Exercise brief — From the line that includes "The Disease Model" to the last line of the data, quote each line precisely; both boundary lines belong in the answer.

(Data extracted from a collection)
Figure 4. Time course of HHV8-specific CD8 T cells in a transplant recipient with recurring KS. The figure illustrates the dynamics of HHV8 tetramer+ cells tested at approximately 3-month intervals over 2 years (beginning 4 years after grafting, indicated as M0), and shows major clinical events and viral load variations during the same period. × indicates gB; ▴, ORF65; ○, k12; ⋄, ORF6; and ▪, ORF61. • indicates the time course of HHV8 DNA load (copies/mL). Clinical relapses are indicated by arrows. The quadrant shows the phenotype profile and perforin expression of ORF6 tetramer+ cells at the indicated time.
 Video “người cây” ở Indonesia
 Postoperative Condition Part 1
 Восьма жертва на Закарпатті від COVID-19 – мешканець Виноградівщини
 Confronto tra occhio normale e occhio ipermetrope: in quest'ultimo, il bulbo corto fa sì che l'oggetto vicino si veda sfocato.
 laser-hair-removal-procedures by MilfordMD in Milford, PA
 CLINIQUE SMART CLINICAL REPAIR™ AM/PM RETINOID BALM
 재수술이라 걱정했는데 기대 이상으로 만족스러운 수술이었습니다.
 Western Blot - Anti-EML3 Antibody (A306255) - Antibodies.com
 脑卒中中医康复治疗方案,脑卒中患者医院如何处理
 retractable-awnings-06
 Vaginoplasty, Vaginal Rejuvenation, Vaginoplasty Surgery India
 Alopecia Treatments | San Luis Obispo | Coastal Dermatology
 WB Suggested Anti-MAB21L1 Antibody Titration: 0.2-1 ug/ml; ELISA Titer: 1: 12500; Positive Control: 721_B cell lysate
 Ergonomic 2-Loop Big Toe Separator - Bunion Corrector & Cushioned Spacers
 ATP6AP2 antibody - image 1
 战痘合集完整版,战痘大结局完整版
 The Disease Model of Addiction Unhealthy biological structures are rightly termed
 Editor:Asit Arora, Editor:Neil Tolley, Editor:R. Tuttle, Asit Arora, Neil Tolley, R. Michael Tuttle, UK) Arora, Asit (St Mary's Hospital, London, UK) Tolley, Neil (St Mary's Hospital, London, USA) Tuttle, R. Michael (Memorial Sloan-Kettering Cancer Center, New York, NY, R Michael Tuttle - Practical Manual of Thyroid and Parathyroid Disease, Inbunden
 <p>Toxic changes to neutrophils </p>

Solution to the exercise —
 The Disease Model of Addiction Unhealthy biological structures are rightly termed
 Editor:Asit Arora, Editor:Neil Tolley, Editor:R. Tuttle, Asit Arora, Neil Tolley, R. Michael Tuttle, UK) Arora, Asit (St Mary's Hospital, London, UK) Tolley, Neil (St Mary's Hospital, London, USA) Tuttle, R. Michael (Memorial Sloan-Kettering Cancer Center, New York, NY, R Michael Tuttle - Practical Manual of Thyroid and Parathyroid Disease, Inbunden
 <p>Toxic changes to neutrophils </p>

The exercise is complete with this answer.